In my opinion, a baked potato is a baked potato. Maybe that’s because I haven’t been doing much more than pricking them and popping them into the oven. I will have to give these perfect ones from Cooking Classy a try. Butter is my crack, so when I enjoy a baked potato, I take a pat of it and plop it right into the center, and let it melt before savoring every creamy bite.

Although I remember no mention of dessert, an exquisite meal like this one really needs something that is the crème de la crème. I love tortes because they are richer and smoother in texture than a cake. A slab of chocolatey and fudgy goodness without the crumbs is how I would describe them. I found this recipe for a dark chocolate torte with blackberry coulis from Epicurious. My husband Beau and I often say “Chocolate kisses and blackberry dreams,” instead of “good night”, so this is one I will definitely be putting onto my list of desserts to try.

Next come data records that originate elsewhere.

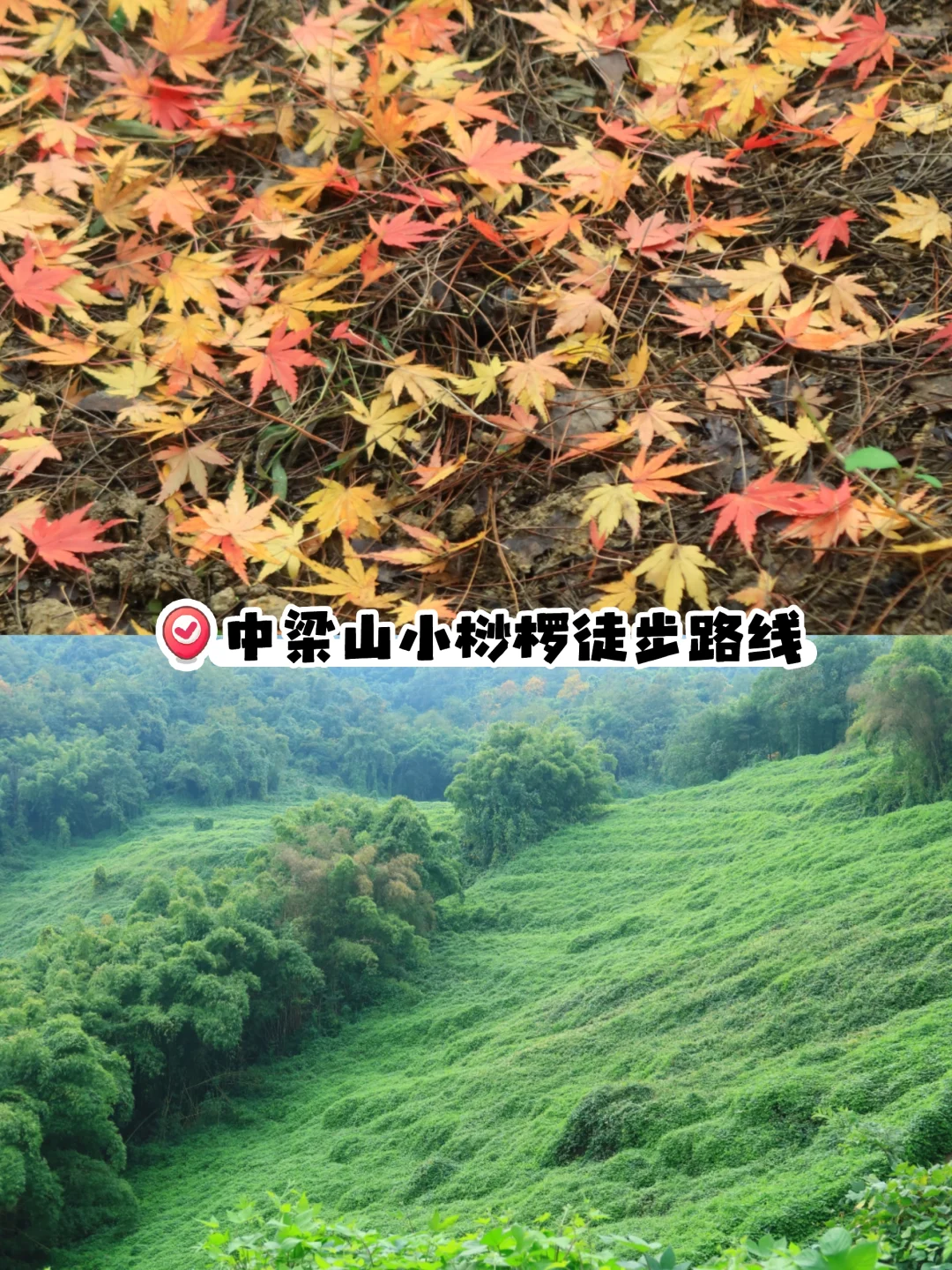 是秋冬还是春夏？中梁山的这条路线太美了！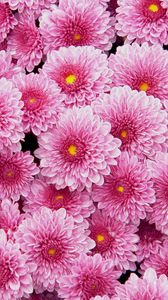Preview wallpaper chrysanthemums, flowers, pink, lot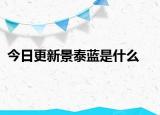 今日更新景泰蓝是什么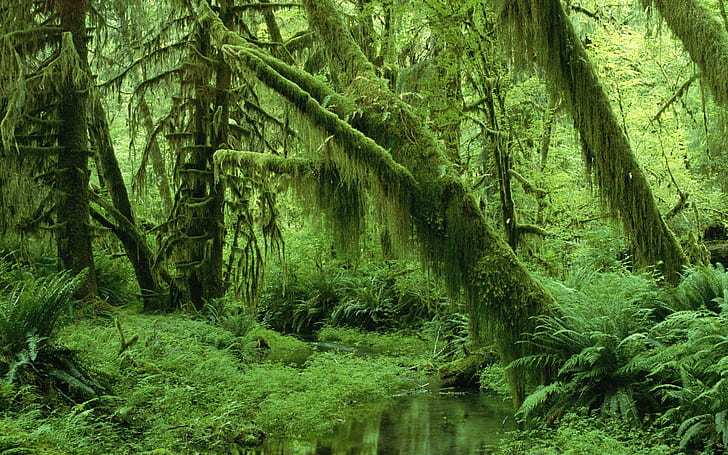 Moss and fern covered forest trees, fern plant and trees by water photo ...
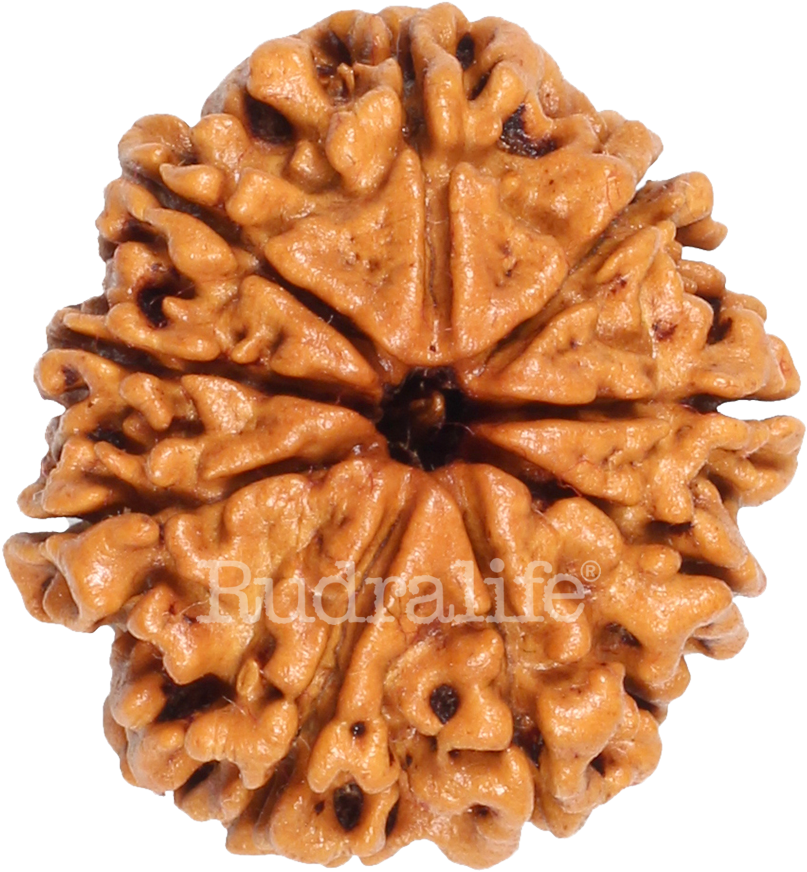 Rudraksha Bead Sacred Seed PNG Image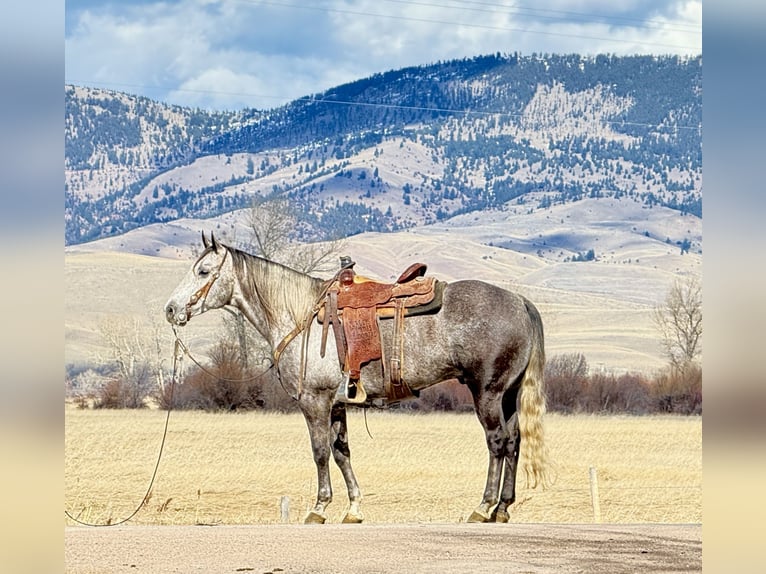 American Quarter Horse Gelding 7 years 15 hh Grey in Drummond, MT
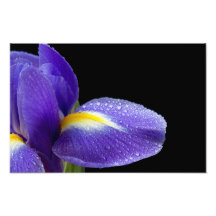 Pétalo púrpura del iris con las gotitas de agua impresión fotográfica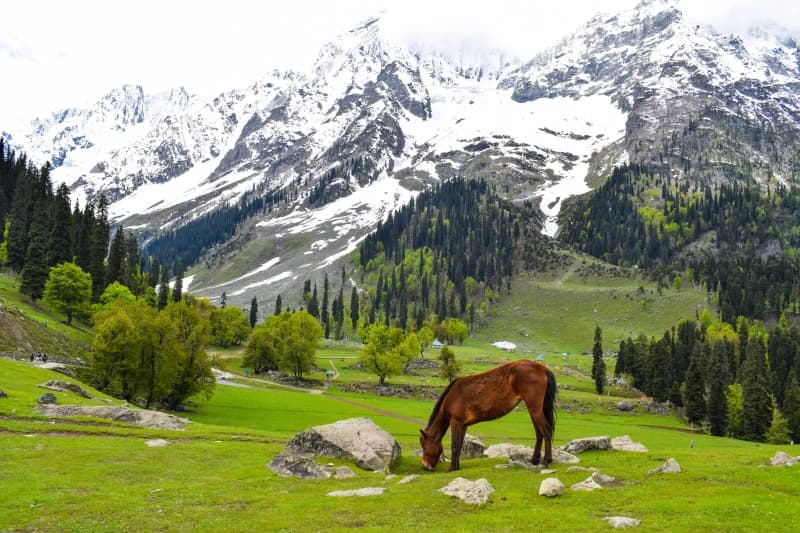 ladakh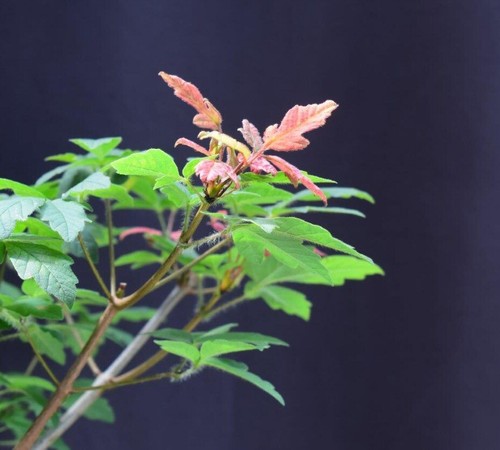 Paperbark Maple Bonsai Tree Compact Plant Acer Griseum 17"H Outdoor Deciduous - Picture 2 of 3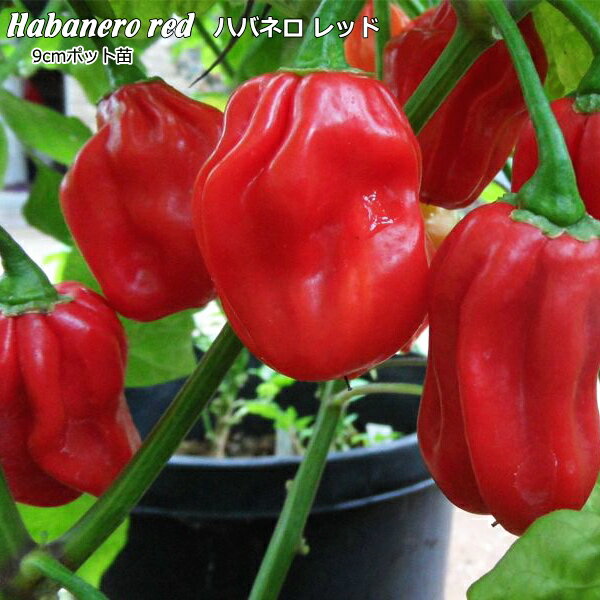 ホットペッパー Habanero Red ハバネロレッド 9cmポット苗 トウガラシ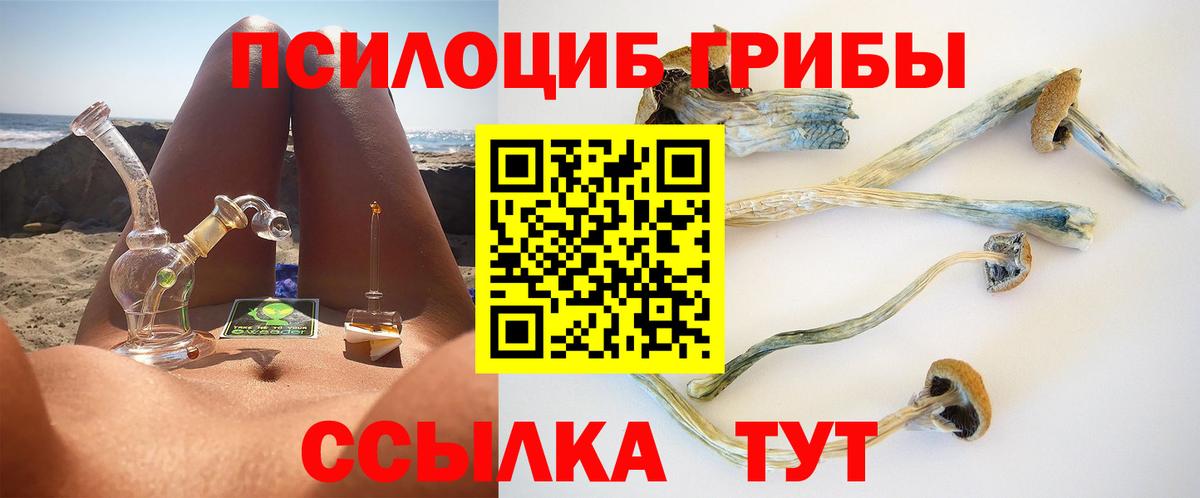 Коркино  где продают   Вход с VPN  Псилоцибиновые грибы Psilocybine cubensis 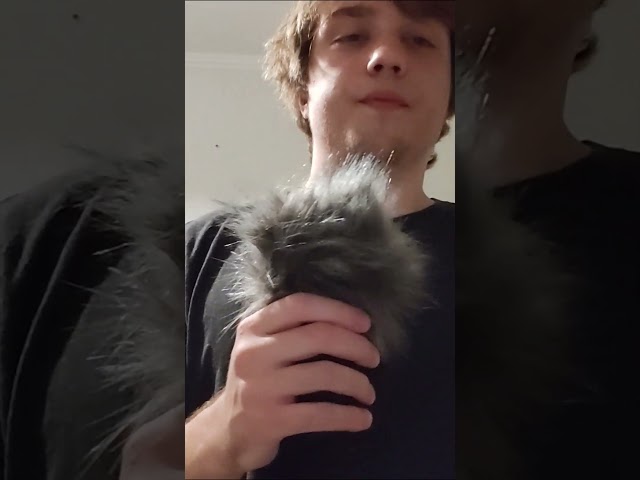 【ASMR】明日公開の動画から切り出したショート版 Part2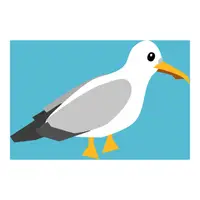 Picture for Seagull (Martı)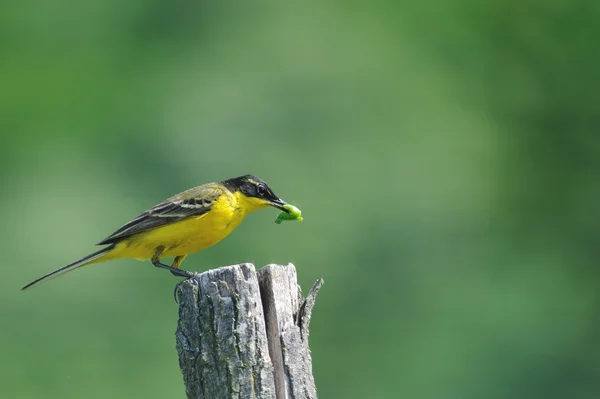 Sarı kuyruksallayan — Stok fotoğraf
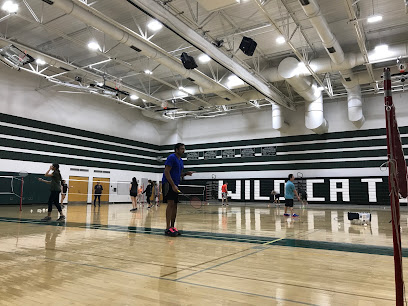 Towsontowne Community Badminton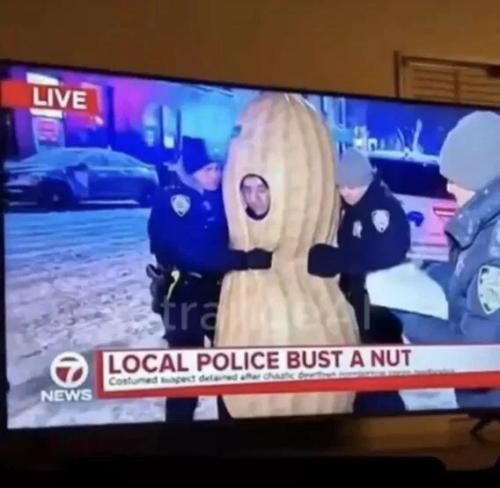 police-bust-a-nut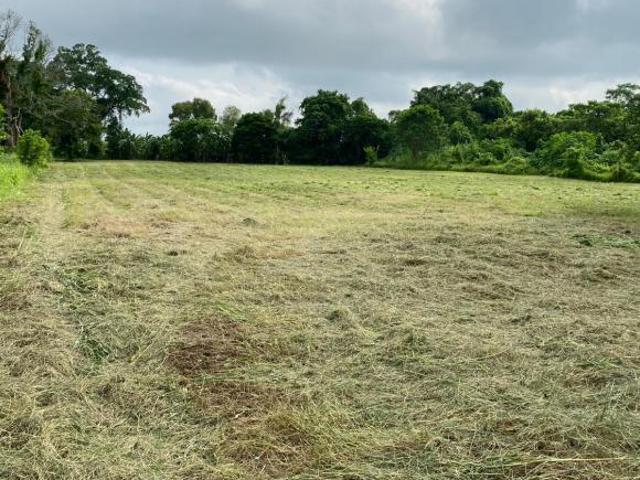 TERRENO EN VENTA SALIDA A CAZONES, POZA RICA, VERACRUZ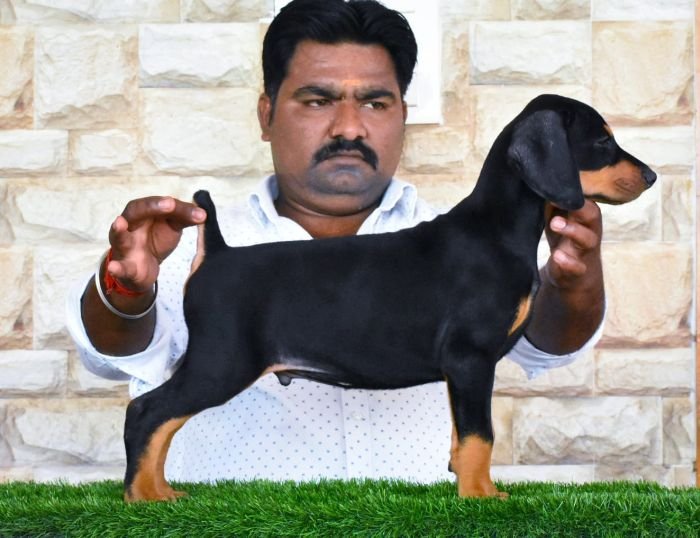 DogsIndia.com - Dobe - Raghlin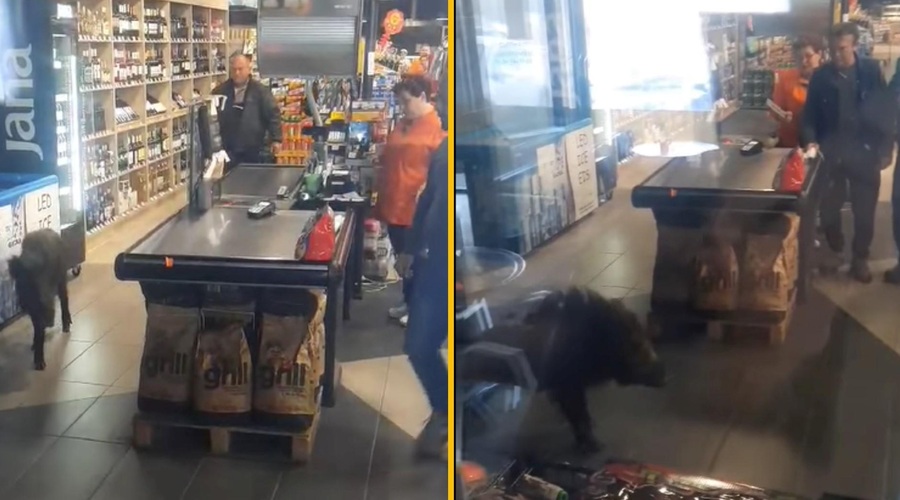 VIDEO: Nenavaden kupec v trgovini je poskrbel za pravo razburjenje med policami (foto: Facebook/Tijana Novaković/posnetek zaslona)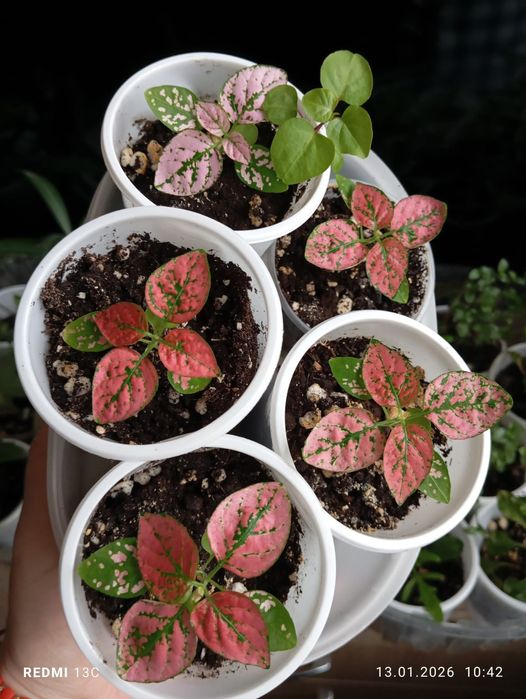 Продам отростки комнатных растений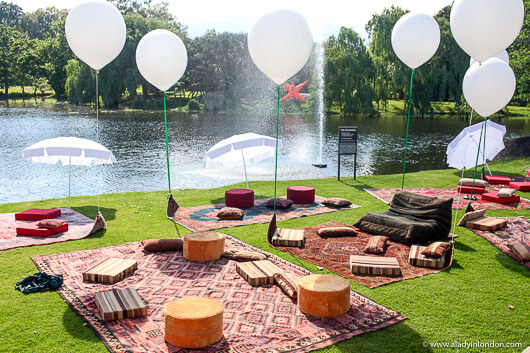 Picnic in Stellenbosch, South Africa
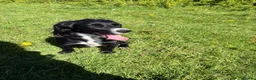 Cocker Spaniel dogs for sale: True working cocker spaniels  - Advert 10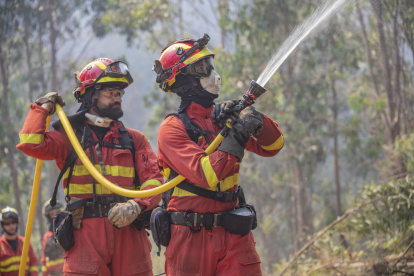 Fotografía cedida por la Unidad Militar de Emergencias (UME) de España que muestra a efectivos de la UME mientras trabajan en la contención de un incendio forestal, ayer, en la comuna de Hualqui, Concepción, (Chile). Los incendios han causado ya la muerte de 24 personas, arrasado cerca de 1.300 viviendas y causado más de 5.500 damnificados en las regiones de Ñuble, Biobío, La Araucanía y Maule. EFE/ Unidad Militar De Emergencias (ume) SOLO USO EDITORIAL SOLO DISPONIBLE PARA ILUSTRAR LA NOTICIA QUE ACOMPAÑA (CRÉDITO OBLIGATORIO)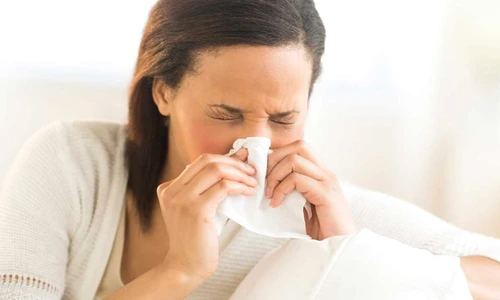 1 78065 original jpg jpeg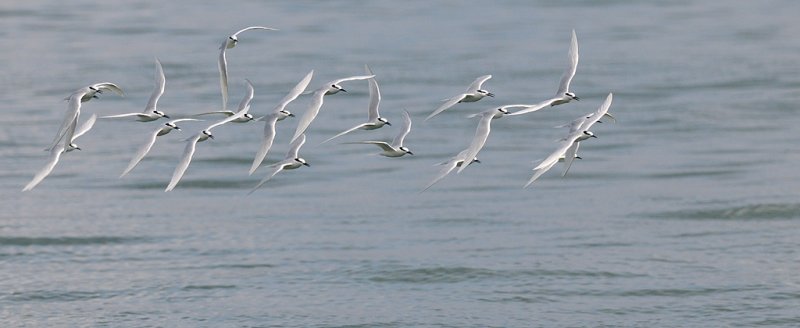 DSC_7557.jpg
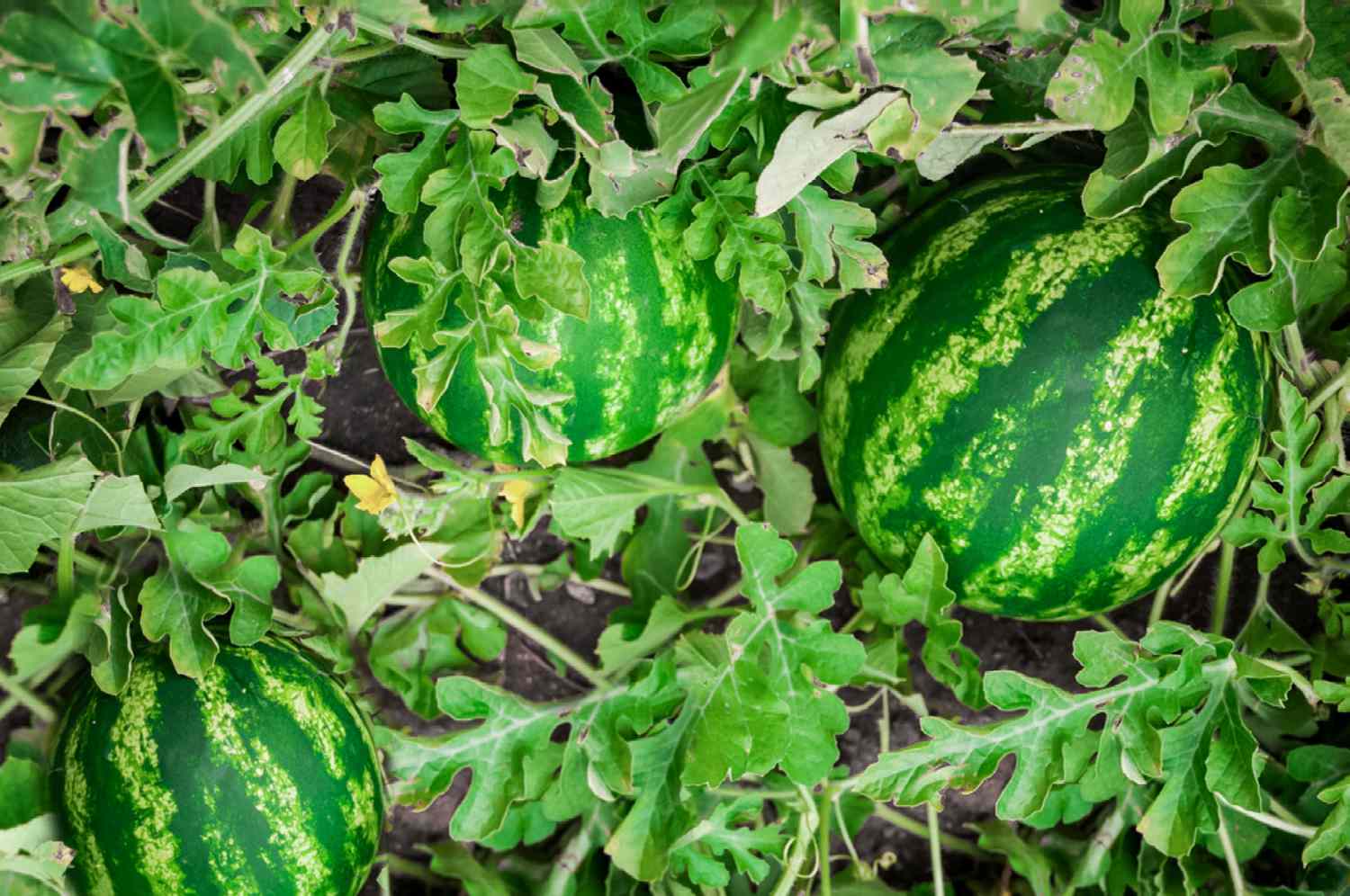 Wassermelonenfrucht in der Mitte des Weinstocks und Blätter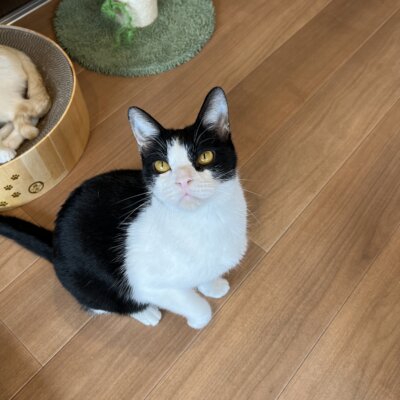 バルー【滋賀店】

If this meal doesn’t get you drunk on sheer decadence, pair it with a Cabernet Sauvignon or a Zinfandel. The Cabernet Sauvignon has a bold, spicy, and oaky flavor that will prevent you from falling into a food coma after eating the rich, fatty ribeye. The Zinfandel wines offer flavors of fruit jam, spice, and tobacco. They come in both red and white varieties, so if you aren’t a red wine fan, never fear! Zinfandel is here. It may not be decadent or ladylike, but I’ll take my meal with a strong Imperial stout, please! If this is going to be my final meal, I want to be sure I’m good and tipsy before Mr. Right turns into Mr. Dead Wrong.